A day earlier, Nature put out a news piece on "Nature's 10," 10 individuals who were instrumental in some way to scientific enterprise from discoveries through their publications to the policies based on them.

As journals were making their picks for the biggest scientific stories of the year, though, one emerging story about the year in science was not about the content of those discoveries – but about the dawning realization of just how little of that content is reproducible.

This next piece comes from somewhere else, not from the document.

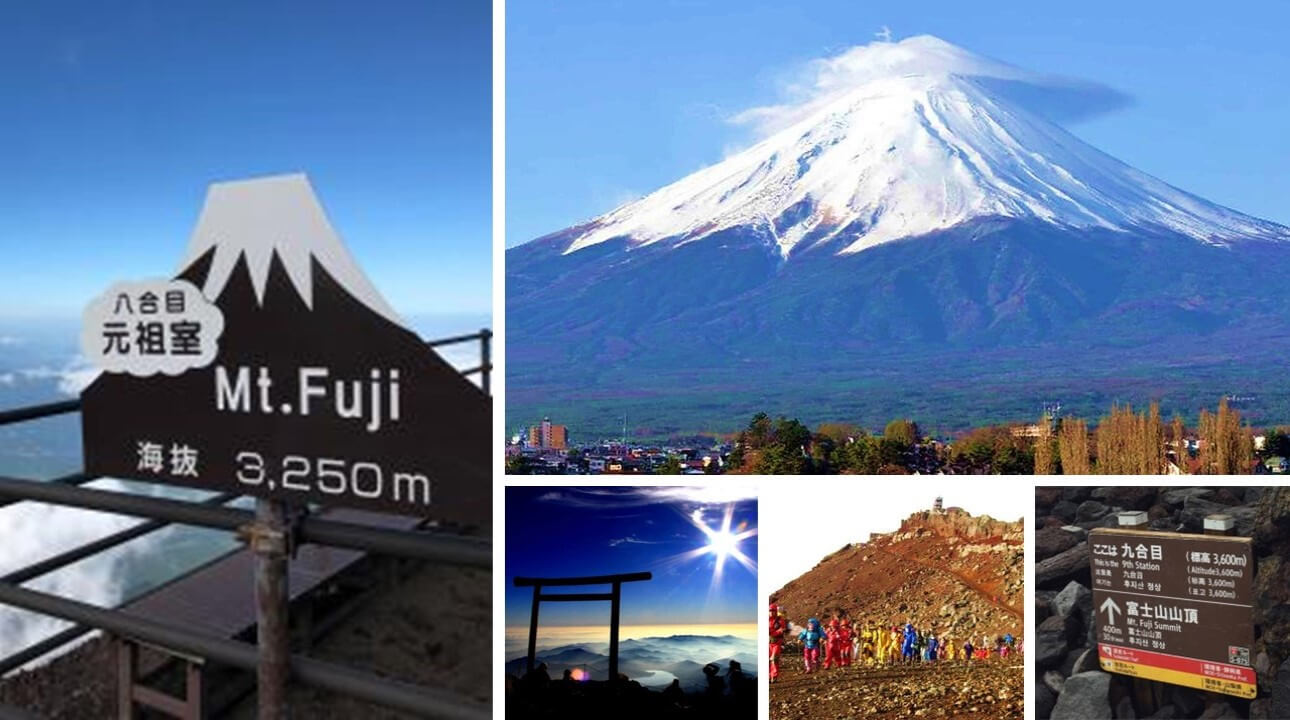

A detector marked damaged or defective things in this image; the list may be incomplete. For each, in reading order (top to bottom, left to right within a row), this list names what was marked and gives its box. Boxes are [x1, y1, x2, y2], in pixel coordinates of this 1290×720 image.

rusty metal post [250, 500, 288, 717]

One of Nature's 10 is Elizabeth Iorns, who founded the Reproducibility Initiative to provide both ways and incentives to validate translational research. (See BioWorld Today, Aug. 22, 2012.)

The need for such an initiative has become painfully obvious in recent years. The magnitude of the problem is sobering. Last March, MD Anderson's Lee Ellis (who sits on the advisory board of the Reproducibility Initiative) and Glenn Begley, who is a senior vice president at TetraLogic Pharmaceuticals Inc., published a paper detailing the attempts of Begley's group, during his time as head of oncology and hematology research of Amgen Inc., to reproduce landmark cancer studies. They were unable to do so in more than 90 percent of cases. (See BioWorld Insight, April 2, 2012, and BioWorld Today, June 8, 2011.)

Other studies have differed in the exact numbers. But whatever the exact proportion of translational studies that can't be reproduced, it appears to be well above 50 percent.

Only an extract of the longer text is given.